Review: Eve by Iris Johansen

 The last few Eve Duncan books have been a grind. Eve promises to be the first of a trilogy that answers the big questions. With it's focus firmly placed on Eve it's better than the last few, but it doesn't avoid what's been bothering me about the series. Early on, Johansen had a choice to make. Either the series was about Eve, a woman whose personal tragedy forced her into the world of forensics, or it was about Eve, a woman searching endlessly for her child's killer. (Is it a spoiler to say we don't know who killed Bonnie? I've rather suspected Bonnie isn't dead.) By keeping a foot in both worlds the books have been oddly unsatisfying with too many side characters brought along. Eve begins by introducing yet another important man - Bonnie's father.

It's a natural place to go, but it also highlights what has been wrong with the series. Everyone Eve knows is a borderline psychotic or a killer or both. She can't get her hair cut without an operative asking to bang her and then declaring he'd kill half of Texas to help her find Bonnie's killer. She reacts to declarations of passion the way I do to panhandlers. I swear if Eve went to McDonald's for a bag of fries she'd get two hotel keys and witness a shooting. Eve herself walks the border of TSTL by her suicidal determination yet is oddly passive in her own story. Powerful men move around her and for her, but Eve does little of the heavy lifting. Moral ambiguity is another hallmark of Eve Duncan. There are no lines. People die, people are kidnapped, relationships are under constant threat of interlopers but the only thing that matters to Eve is if the person in question is on her side. She gives lip service to moral convictions, but that is all it is. People are tools to be used in her quest. Her inner voice at 16 is the same as it is at 35. She's a consistent character, Eve.

Eve serves as a reboot to the series as well as the beginning of a closing trilogy. More than ever I am convinced Bonnie is alive. There was a period in the series that flirted with the supernatural which would have placed Bonnie firmly in the dead category, but Eve undermines that conviction and reopens the possibility that Bonnie is a teenager somewhere. I'm not sure I care anymore. A subplot in Eve and the last few books has been Joe Quinn resenting Eve's inability to set aside the search for her daughter and the emotional distance she keeps as a result. I'm sort of with Joe. I don't know that any ending for Bonnie could be satisfying for the reader at this point.  If she is alive, it's a bit deus ex machina.  If Bonnie was the victim of a random slaying, all the world building has been pointless. If Bonnie was killed as part of a larger plot against one of her parents it requires a leap of faith the reader might not have, to think that her parents as they were at the time of her kidnapping would be worth such a plot. Ultimately, there is no satisfaction for the reader in a resolution of Bonnie's death. Which, for me, is another arrow pointing to her survival.
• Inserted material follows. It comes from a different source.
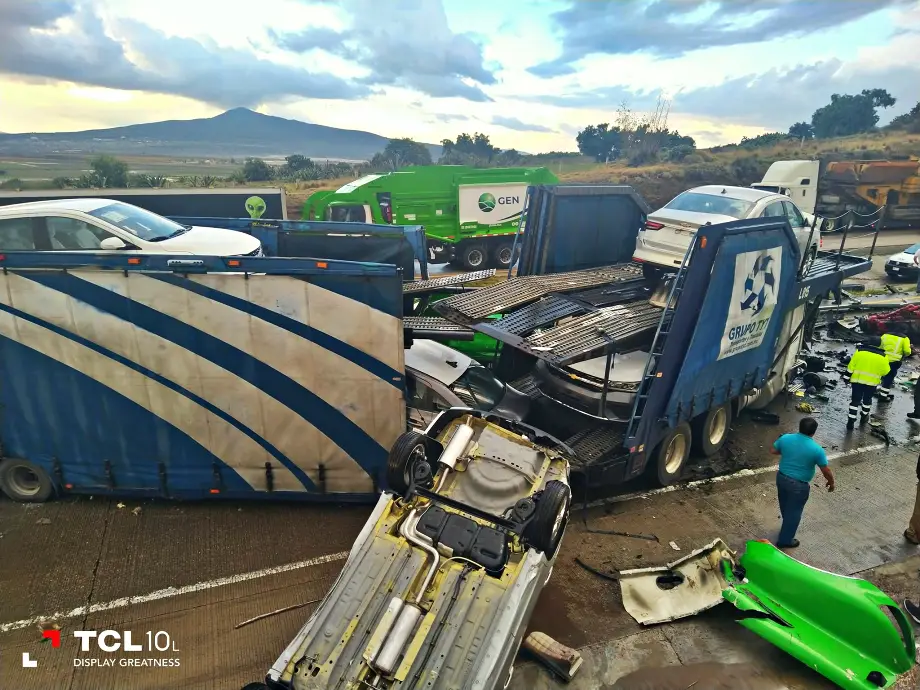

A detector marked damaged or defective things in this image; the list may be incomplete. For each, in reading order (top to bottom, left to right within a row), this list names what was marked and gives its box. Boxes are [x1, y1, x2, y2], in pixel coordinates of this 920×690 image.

Ugh. Who are we kidding? We all know I'm going to read the next two. Even if it's speed reading and page skipping, after ten years it's impossible to walk away when the end is in sight. At least the covers are gorgeous. This is a perfect way to represent Eve. The profile, the colors - true to character and eye catching. Fantastic cover design for the trilogy. Well, except for Bonnie. On her cover (the third and final book of the series) she looks a bit older than her age of abduction. Hm. What could that mean?